## EXERCISE OBJECTIVE
Repeat each record below exactly, omitting whatever pictures appear in it.

## MATERIAL FOR THIS EXERCISE
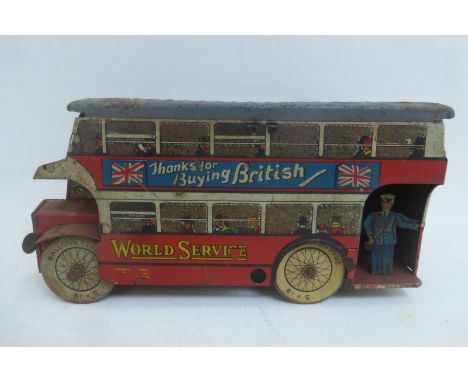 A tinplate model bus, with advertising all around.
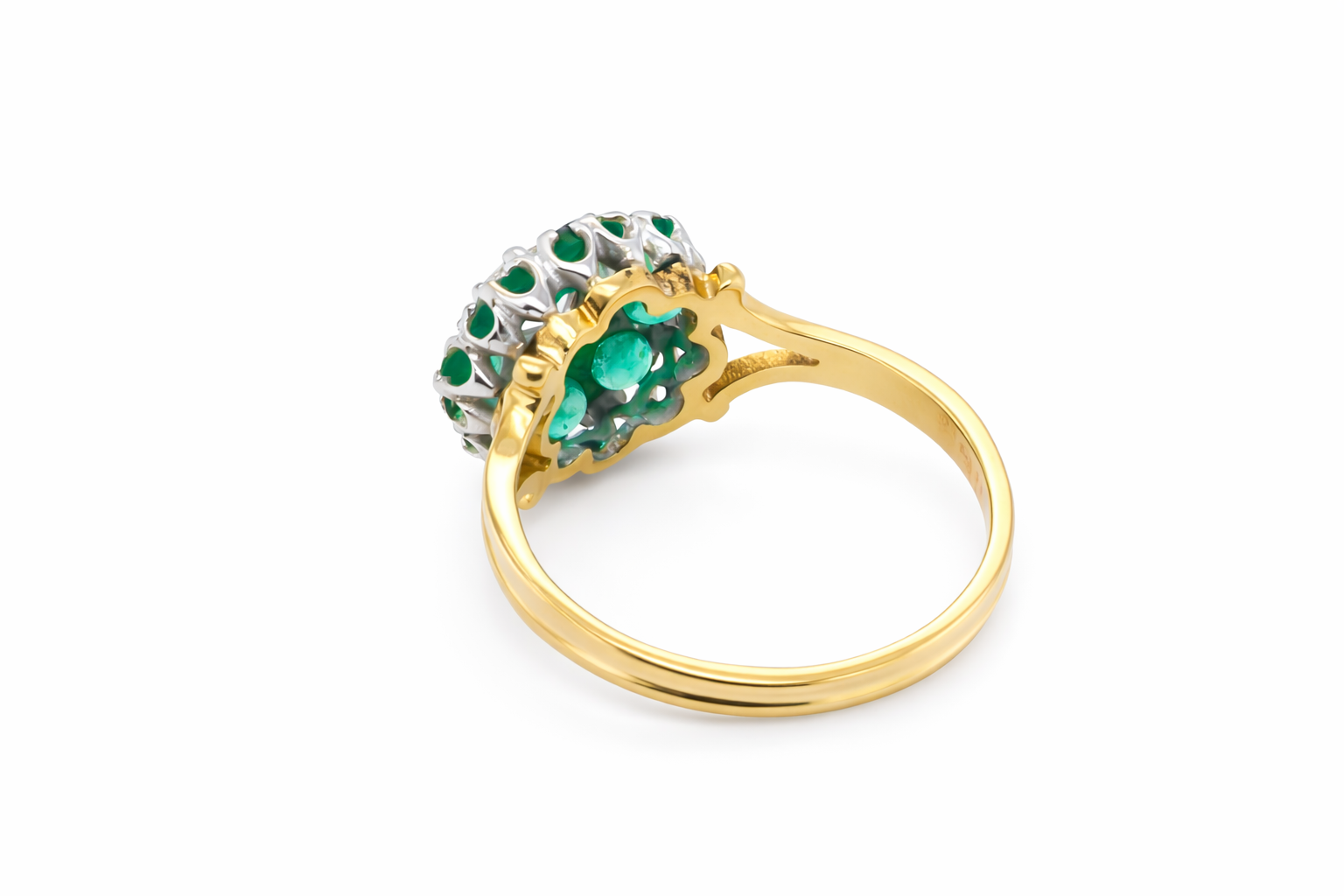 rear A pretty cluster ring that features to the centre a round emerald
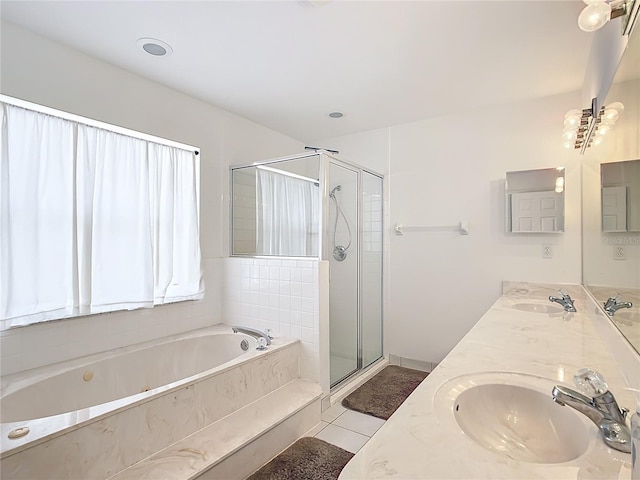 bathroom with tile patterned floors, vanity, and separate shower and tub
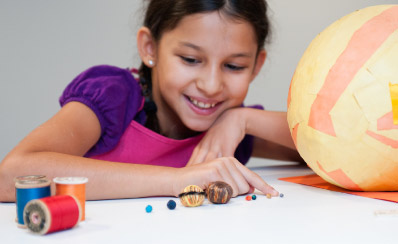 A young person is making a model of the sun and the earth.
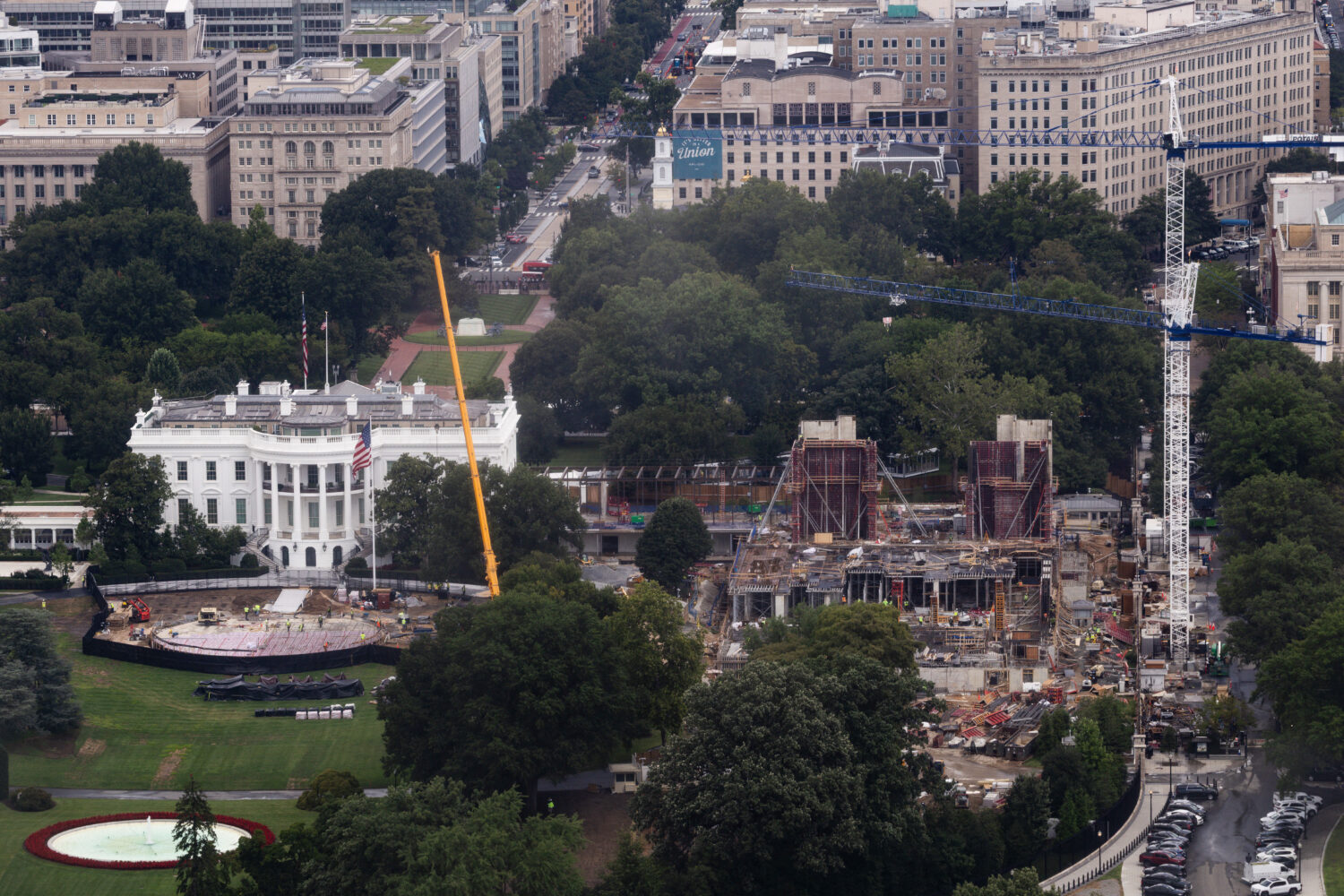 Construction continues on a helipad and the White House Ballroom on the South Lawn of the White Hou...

## TASK OUTPUT
 A tinplate model bus, with advertising all around.
 rear A pretty cluster ring that features to the centre a round emerald
 bathroom with tile patterned floors, vanity, and separate shower and tub
 A young person is making a model of the sun and the earth.
 Construction continues on a helipad and the White House Ballroom on the South Lawn of the White Hou...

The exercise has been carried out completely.